If the past couple of days are anything to go by, making a choice may have become tougher for many who had brokered a deal to hold their nose and vote a ‘lesser evil’. President Muhammadu Buhari appeared on Wednesday night at a townhall-like event. Not only did he evade answers to most of the questions put to him by moderator Kadaria Ahmed, he came across as aloof and distant as he has often been accused of being. His Vice President Yemi Osinbajo, more than once, had to clarify words (like “livestock” and the Disability Bill) to him, answering majority of the questions.
Earlier on the same day at a different venue, PDP’s Atiku Abubakar dropped a clanger, saying he will enrich his friends when he becomes president. Yes, he actually said so, whatever he may have meant. Thanks to that, his vow to privatize NNPC, even if at the peril of his life, has failed to garner the goodwill it may have evoked. Instead, attention has gone to the failed privatizations he oversaw as Vice President under Obasanjo.
One of those who testify to that is Obiageli Ezekwesili, perhaps the most popular of the other candidates in the February 16 race. She is running to win, believing the APC and PDP to be birds of same feather that can no longer deliver value to Nigerians. But she is not without challengers for the most-likely-to-gate-crash-the-presidency crown; Kingsley Moghalu has had two interviews recently in which he, among other things, faulted Ezekwesili’s coming to referee the failed PACT alliance without his being aware, and Fela Durotoye – winner of the PACT elections – is motivating his base to turn up on Twitter polls.

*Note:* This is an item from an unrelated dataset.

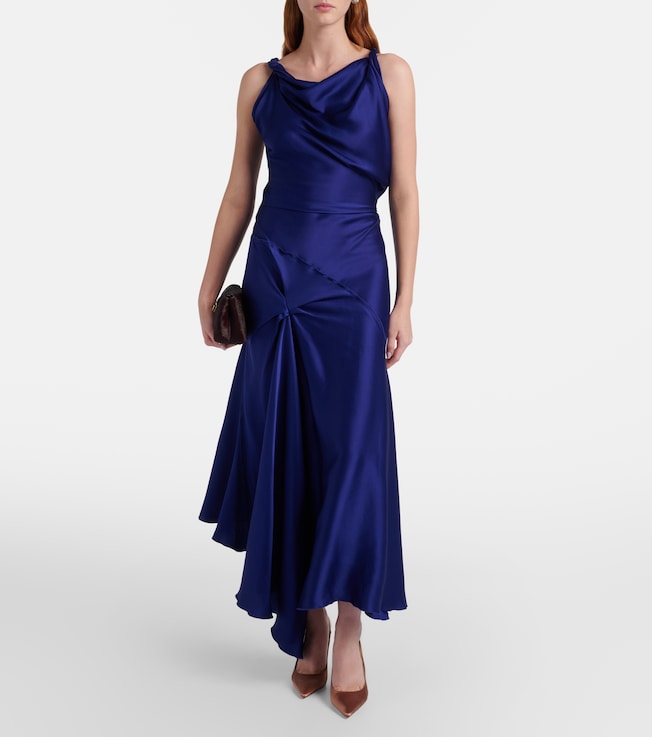 Victoria Beckham Victoria Beckham Draped asymmetric satin midi dress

Meanwhile, Omoyele Sowore is campaigning hard while still smarting from the opportunity denied his VP candidate at the debates held in December, Jerry Gana has all but taken the SDP’s flag, and Eunice Atuejide has not suspended her campaign.
The 2019 race is crowded. Lots have been said by candidates and many of them have sounded convinced about their ideas. Lots of noise have been made as well, necessitating a platform to provide direction on who has said about what.

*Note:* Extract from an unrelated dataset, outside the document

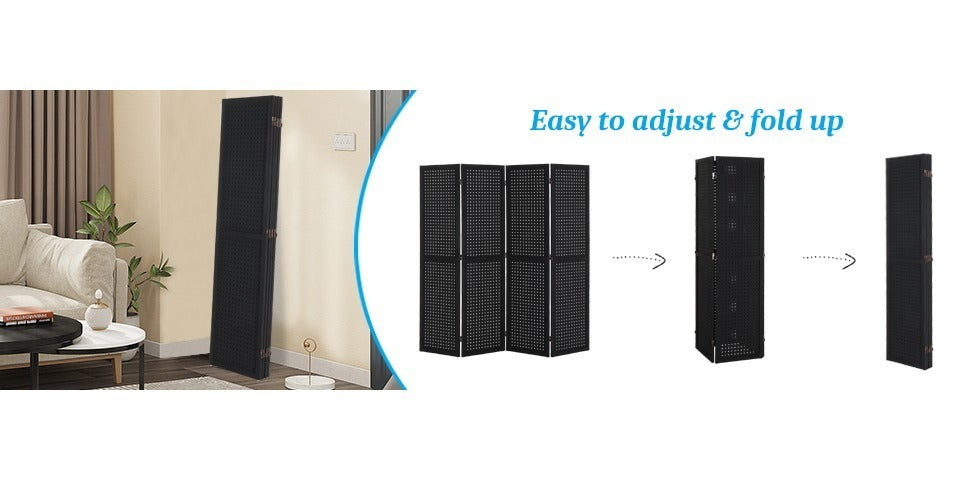 5 FT Freestanding Pegboard Room Divider | Wood Folding Privacy Screen & Display Board Organizer with Support Feet – White, Black, Natural, Grey | Craft Shows, Retail & Home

Which is where the ‘Know Your Candidates’ platform comes in.
Listing 24 of the candidates in this year’s elections, the website curates bullet points of what each candidate has said about a given issue. Clicking on the ‘Go Deeper’ button, you are taken to their words in quotes with references so a reader (or prospective voter) can verify the authenticity of those statements. Links to the candidates’ campaign and social media pages are also provided.
But that’s not all: you can directly compare what any two candidates say on any particular issue/topic. For example, you could compare the level of divergence between Kingsley Moghalu and Obiageli Ezekwesili on the subject of restructuring, or what differentiates Atiku Abubakar’s position on State Police from that of President Muhammadu Buhari (whose opinion, by the way, is not shared by his Vice President).

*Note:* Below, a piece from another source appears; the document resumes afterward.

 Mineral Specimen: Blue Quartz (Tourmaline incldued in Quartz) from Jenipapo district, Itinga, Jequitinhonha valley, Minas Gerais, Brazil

In effect, kyc.civicmonitor.com could be an effective tool for the voter particular about issues in these elections. If you believe leaders should be chosen based on what they think and what they can do, this seems a platform that you should have recourse to over the course of the coming five weeks.
Like ‘Kunle Adebajo says, elections should not be like Nairabet where we vote who is more likely to win against whom we want to win. And unlike football or other sport competitions, individual choices CAN influence the outcomes of elections. The only deficit has usually been on making informed choices.
KYC’s slick design, ease of use, and the creators’ labour to make its content based on facts and not spin should solve this need for the 84 million voters registered for next month’s polls.